Los protagonistas de este
incendiario juego son Arabia Saudita e Irán, potencias petroleras enfrentadas
desde hace más de medio siglo, países ambos con sistemas de gobierno
autoritarios, que prefieren librar combate fuera de sus confines. En apoyo de
Irán a la minoría hutí de Yemen, etnia zaidí chiita, provocó la ira de la
monarquía de Riad. En marzo de 2015, la aviación saudí bombardeó las unidades
rebeldes hutíes, desencadenando una guerra en la vecina Yemen. Teherán no tardó
en enviar a sus correligionarios yemenitas armas y consejeros militares. Las tropas
saudíes fueron incapaces de contrarrestar la ofensiva rebelde. Una primera
derrota para el joven e inexperto ministro de Defensa de Riad, Mohamed bin
Salman, hijo del monarca wahabita y… ¡heredero de la Corona! El príncipe no
dudó en plantar cara a los ayatolás, decretando el aislamiento político y el
embargo económico al emirato de Qatar, principal aliado de Teherán en el Golfo
Pérsico. Mas la medida no surtió efecto. Otras potencias regionales se
apresuraron en socorrer a los qataríes. Es el caso de Turquía, que cuenta con
imponentes instalaciones militares en el emirato. El contingente otomano está
acantonado a escasos kilómetros de la frontera con… Arabia Saudita.

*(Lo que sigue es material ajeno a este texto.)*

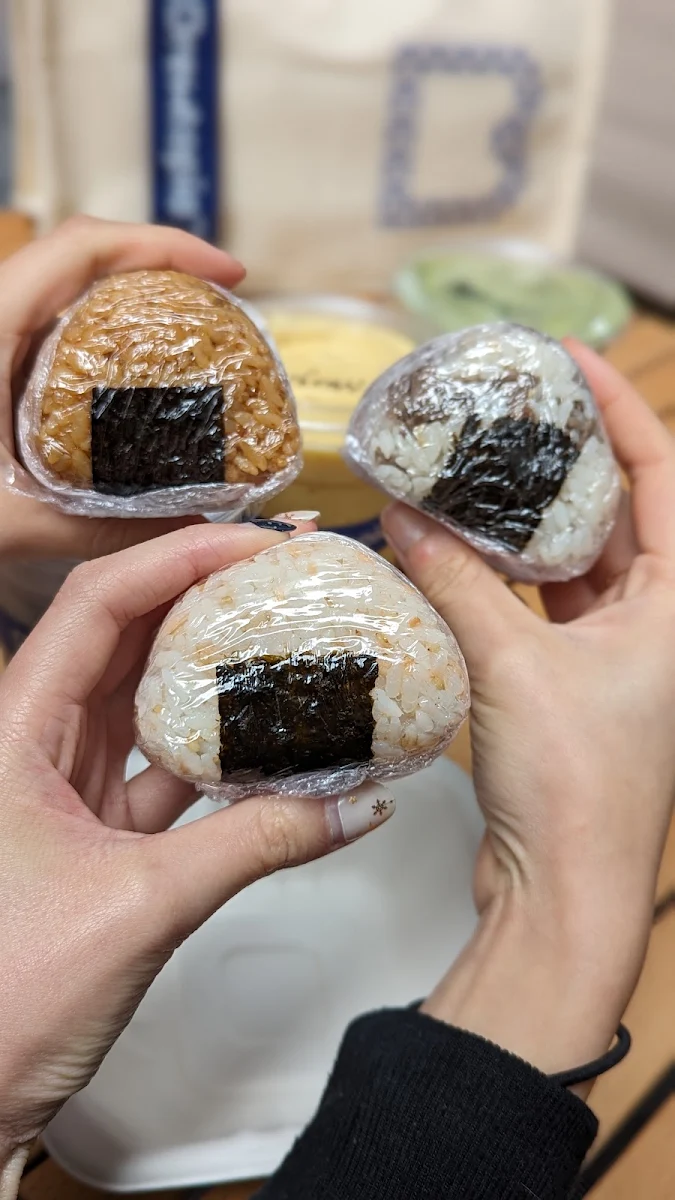 Onigiri, Brewtopia plus cafe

Pero hay más: las estratagemas de
Riad y Teherán chocaron frontalmente en la guerra civil de Siria, donde ambas
potencias apoyaban milicias rivales. Hace apenas unas semanas, el príncipe Bin
Salman insinuó que el creciente protagonismo del movimiento chiita libanés
Hezbollah, apoyado por Irán, podría desencadenar una… respuesta bélica saudí.
Conviene recordar, sin embargo, que Hezbollah forma parte de la coalición
gubernamental que rige los destinos de Líbano.

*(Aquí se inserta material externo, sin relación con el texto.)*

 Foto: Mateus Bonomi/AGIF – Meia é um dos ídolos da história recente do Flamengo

Aparentemente, la reacción
intempestiva del titular de Defensa saudí se debe tanto a la inestabilidad
política del país de los cedros, generada – según los analistas – por complejos
intereses políticos y económicos de los distintos clanes saudíes, como por el
recrudecimiento de los operativos militares de Hezbollah en la frontera con
Israel. Curiosamente, a los gobernantes de Riad no les interesa el debilitamiento
de la llamada “entidad sionista”, fiel aliada en el combate contra el Gran
Satán iraní. ¿Disparates? No, en absoluto; el establishment israelí lleva años exigiendo
la adopción de medidas contundentes contra la “amenaza nuclear” iraní. De
hecho, tanto el general Ariel Sharon como el actual Primer Ministro, Benjamín
Netanyahu, abogaron en pro de la destrucción pura y simple de las centrales
atómicas persas. Pero los sucesivos inquilinos de la Casa Blanca frenaron los
belicosos impulsos de Tel Aviv.
Nada es sencillo en esta singular
partida de ajedrez, en este exasperado intento de crear o adueñarse de zonas de
influencia. En los últimos meses, los israelíes registraron dos sonados
fracasos políticos. El primero, al apoyar en solitario el referéndum independentista
celebrado en el Kurdistán iraquí; el segundo, al tratar de crear una entidad
autónoma drusa en Siria. Este proyecto, potenciado por el servicio de
inteligencia hebreo e implementado también en solitario por Zineddín Jaldún, un
oficial del ejército sirio, contó con el “apoyo” de… ¡una docena de
combatientes!
Crear y controlar zonas de
influencia. La mayoría de los actores regionales conocen las reglas del juego,
aprendidas durante las década de los 90 en la guerra de Bosnia. Allí, las
misiones de los Estados islámicos se repartieron los papeles. Los iraníes
llevaban armas; los saudíes, instructores coránicos, que se dedicaban al adoctrinamiento
de la población musulmana; los turcos, expertos militares y los jordanos… ayuda
humanitaria.
Obviamente, resultará un tanto
difícil transponer esa experiencia sin correcciones o modificaciones a las
arenas movedizas de Oriente. Como se ha podido comprobar, los gendarmes de la
región no descartan el recurso a la fuerza. El camino hacia la paz y la
concordia está sembrado de… futuros desafíos bélicos.